__Task statement__.
Restate word for word the lines of the records below, starting at the line that contains "Laundry area with" and ending at the line that contains "Green canvas cartridge", with both of those lines included and nothing else.
----- Records for the exercise
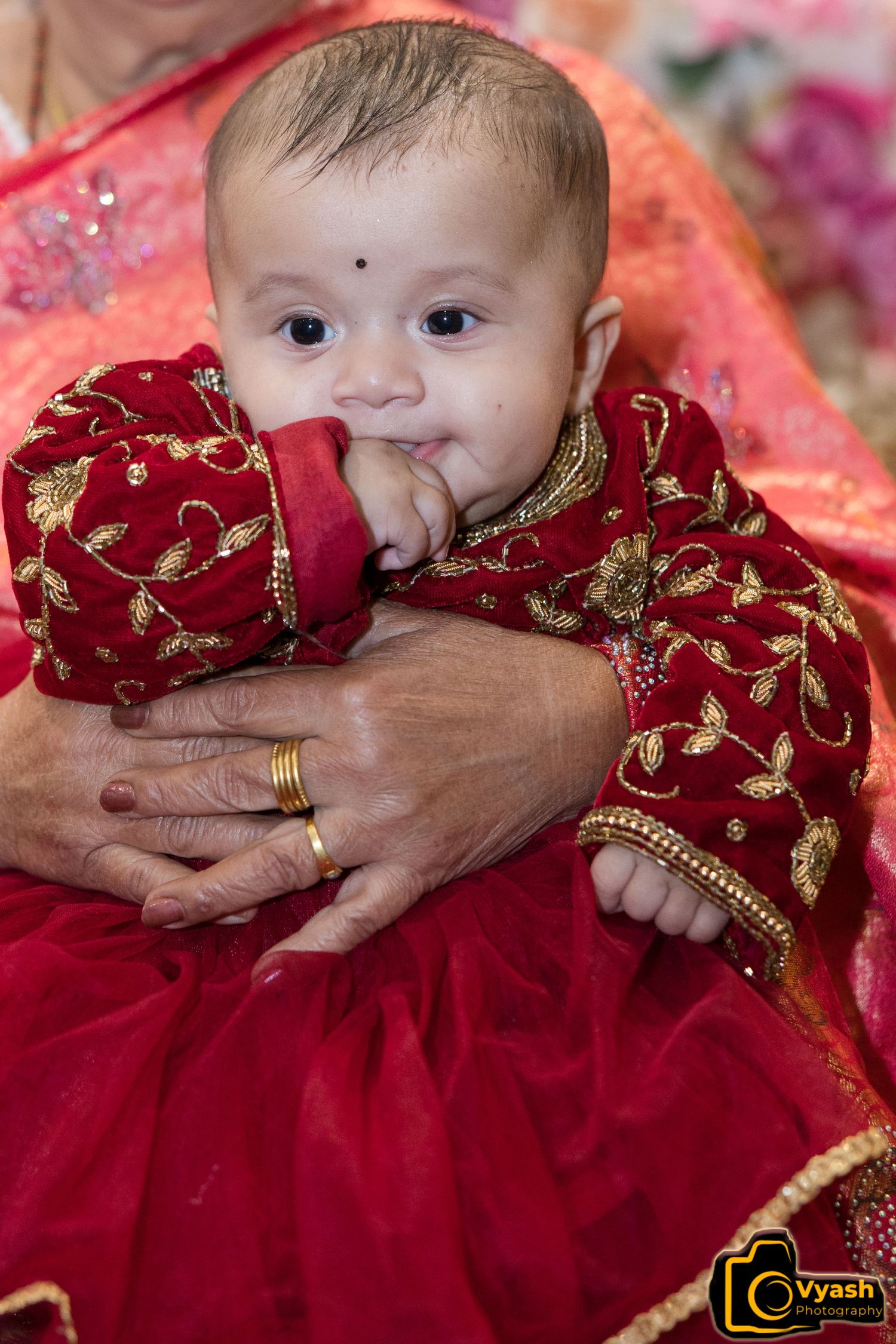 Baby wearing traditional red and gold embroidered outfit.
----------
----- Records for the exercise
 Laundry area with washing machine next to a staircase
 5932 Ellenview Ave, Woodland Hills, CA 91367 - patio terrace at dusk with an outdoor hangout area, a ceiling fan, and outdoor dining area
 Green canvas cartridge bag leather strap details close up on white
----------
__Response area__.
 Laundry area with washing machine next to a staircase
 5932 Ellenview Ave, Woodland Hills, CA 91367 - patio terrace at dusk with an outdoor hangout area, a ceiling fan, and outdoor dining area
 Green canvas cartridge bag leather strap details close up on white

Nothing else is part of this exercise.